→ Data listing:
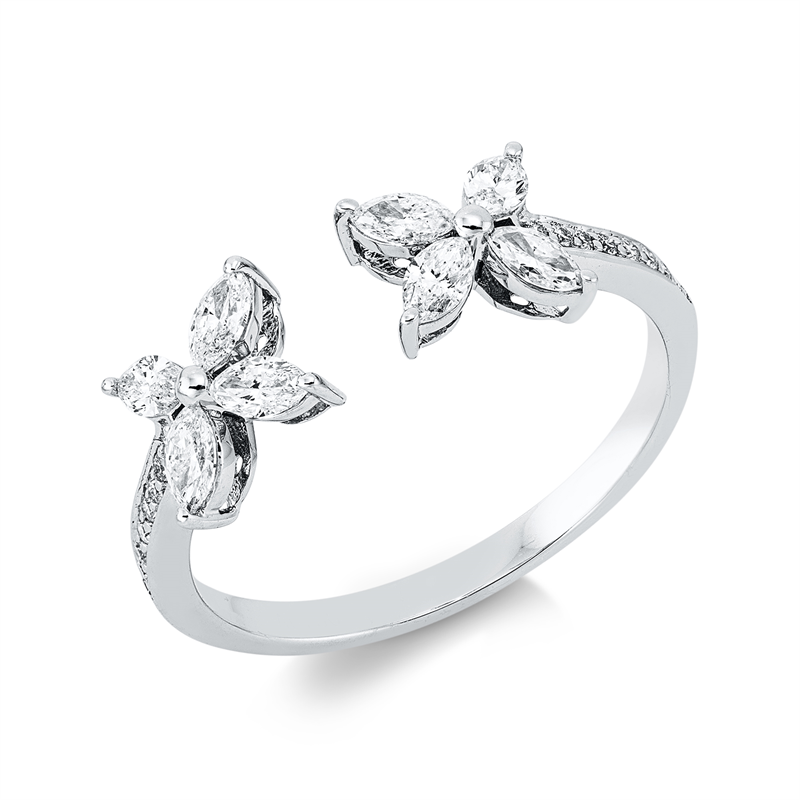 Ring 18 kt WG, 8 Nav. 0,46 ct, TW-vsi, 16 Brill. 0,06 ct, TW-si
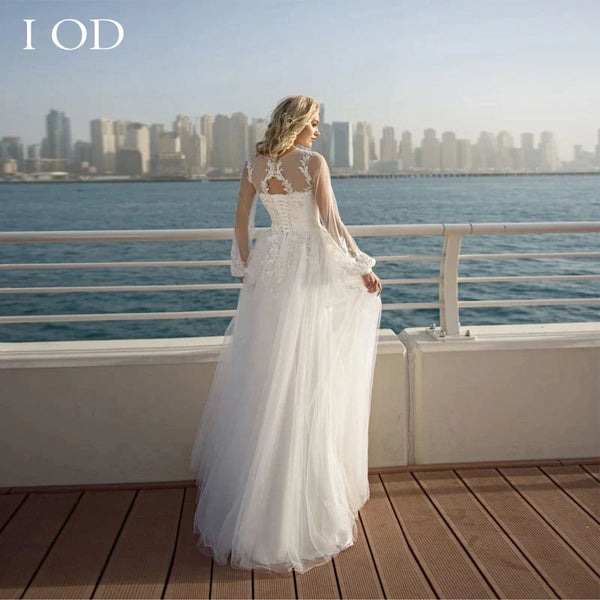 I OD Elegant Tulle A Line Appliques Wedding Dress V-Neck Lace Up Back Long Sleeve Floor Length Bridal Gown Button Robe De Mariee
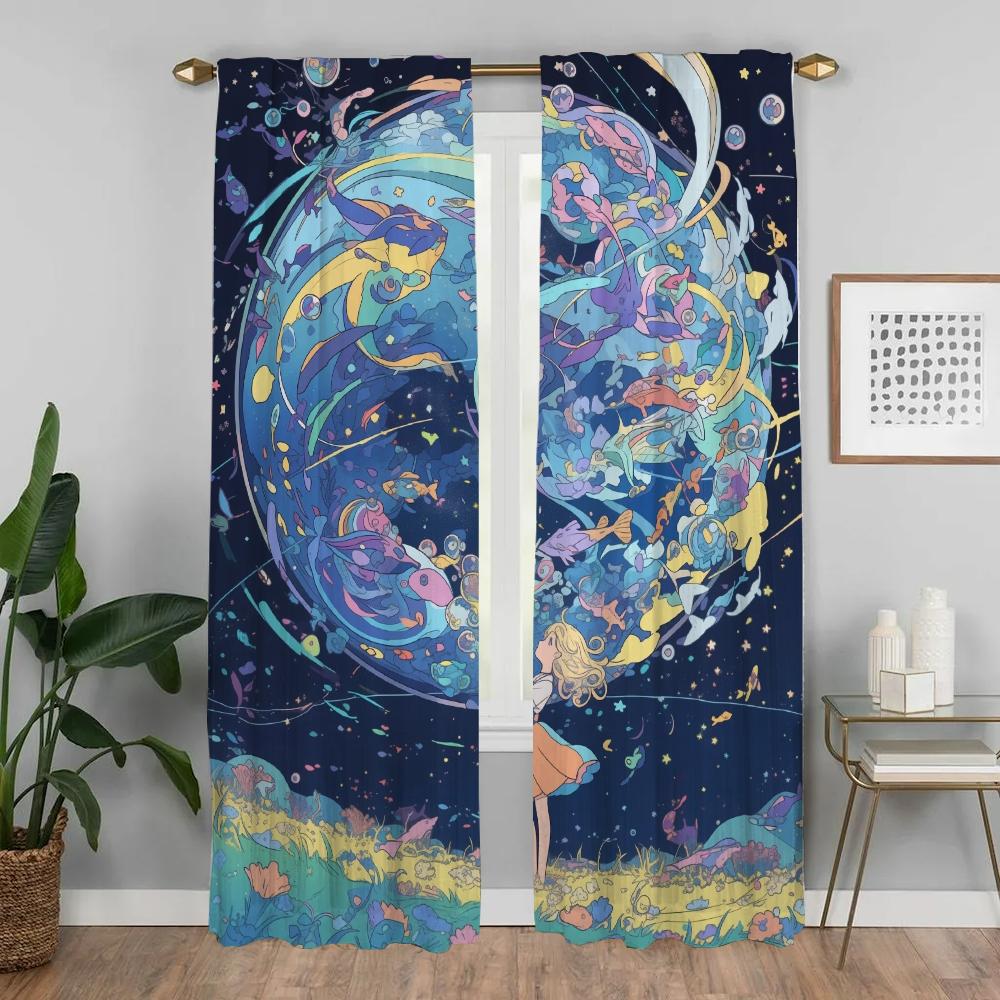 Halloween Dekoration Hauch der Sterne Küchenvorhänge für Wohnzimmer Vorhang Heiminnenvorhänge 2 Stück Trennwand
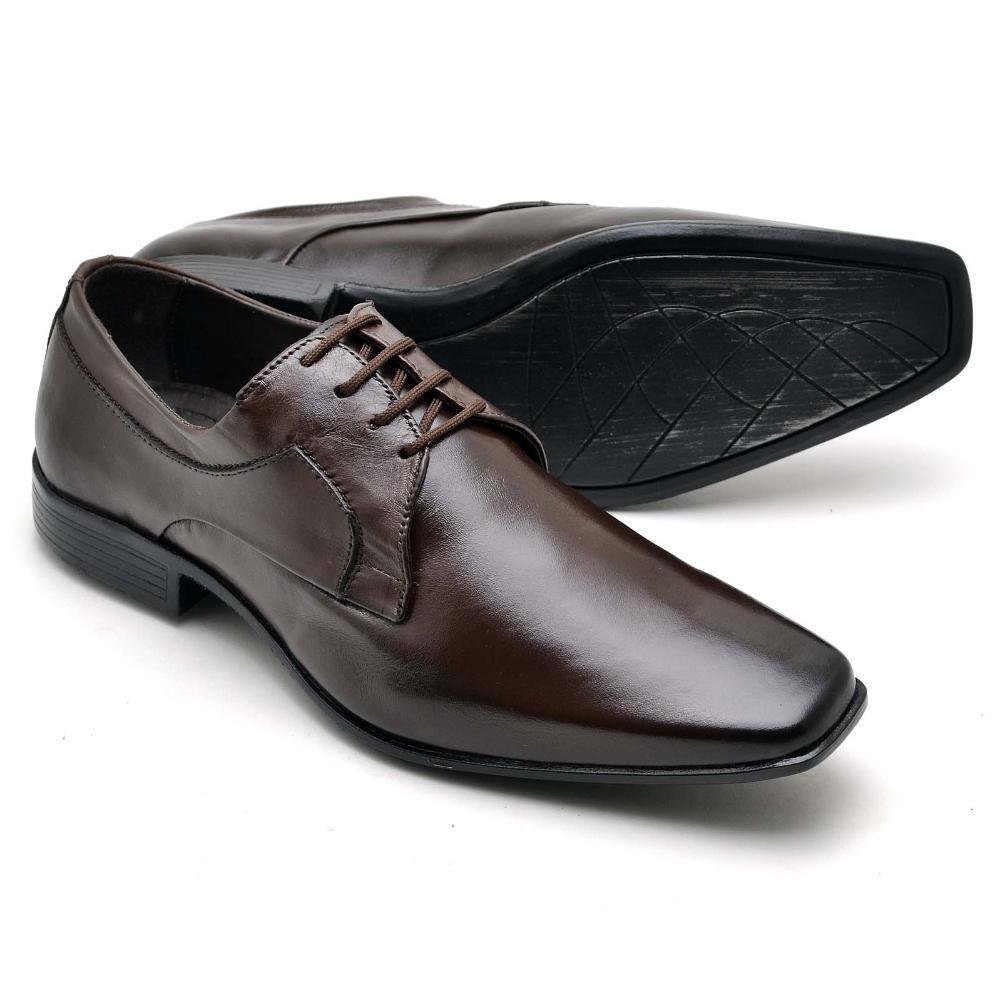 Sapato Social Masculino Couro Cadarço Bico Quadrado Casual Marrom 2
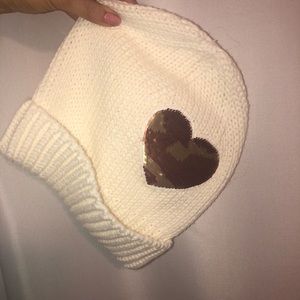 reversible heart beanie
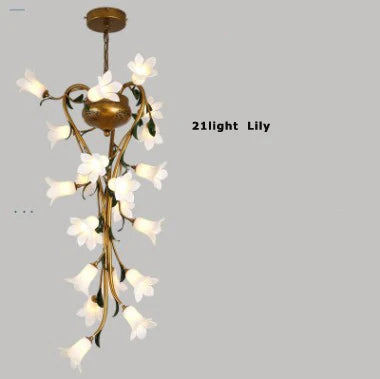 suspension en fer nordique avec verre lys tulipe camélia pour éclairage décoratif - vue 12 sur 12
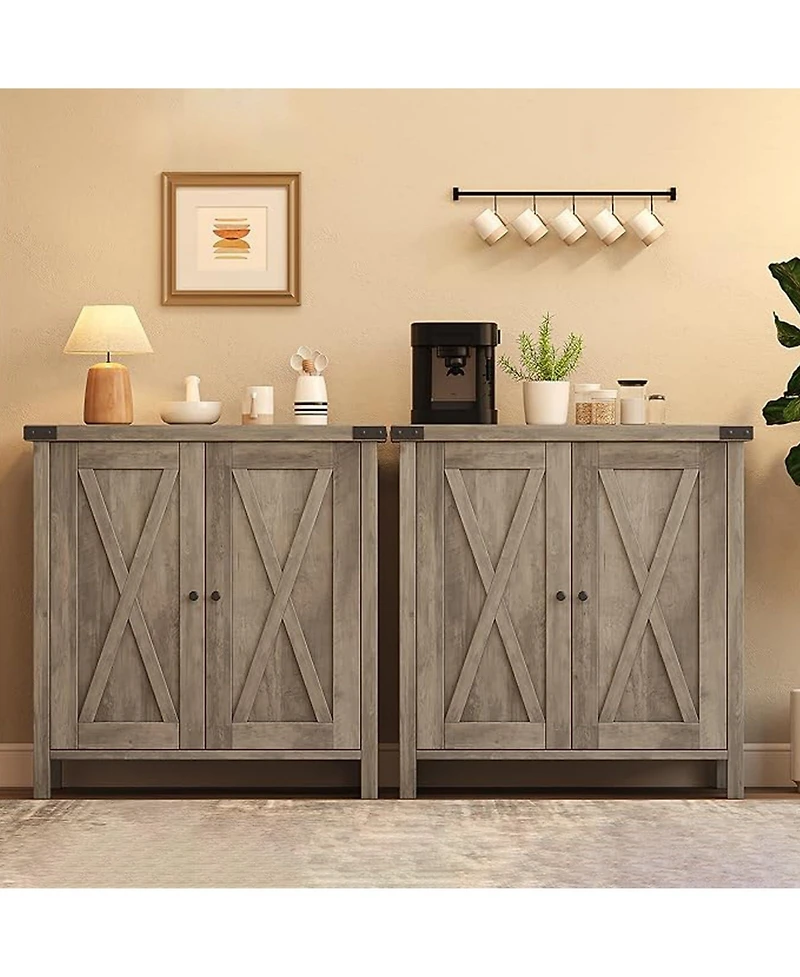 homfan Set of 2 Farmhouse Accent Console Cabinet – 2-Door Sideboard with Adjustable Shelves for Living Room, Dining Room or Hallway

→ Work item: Retype the data above in full, exactly as it stands, and skip any image.

→ Exercise output:
 Ring 18 kt WG, 8 Nav. 0,46 ct, TW-vsi, 16 Brill. 0,06 ct, TW-si
 I OD Elegant Tulle A Line Appliques Wedding Dress V-Neck Lace Up Back Long Sleeve Floor Length Bridal Gown Button Robe De Mariee
 Halloween Dekoration Hauch der Sterne Küchenvorhänge für Wohnzimmer Vorhang Heiminnenvorhänge 2 Stück Trennwand
 Sapato Social Masculino Couro Cadarço Bico Quadrado Casual Marrom 2
 reversible heart beanie
 suspension en fer nordique avec verre lys tulipe camélia pour éclairage décoratif - vue 12 sur 12
 homfan Set of 2 Farmhouse Accent Console Cabinet – 2-Door Sideboard with Adjustable Shelves for Living Room, Dining Room or Hallway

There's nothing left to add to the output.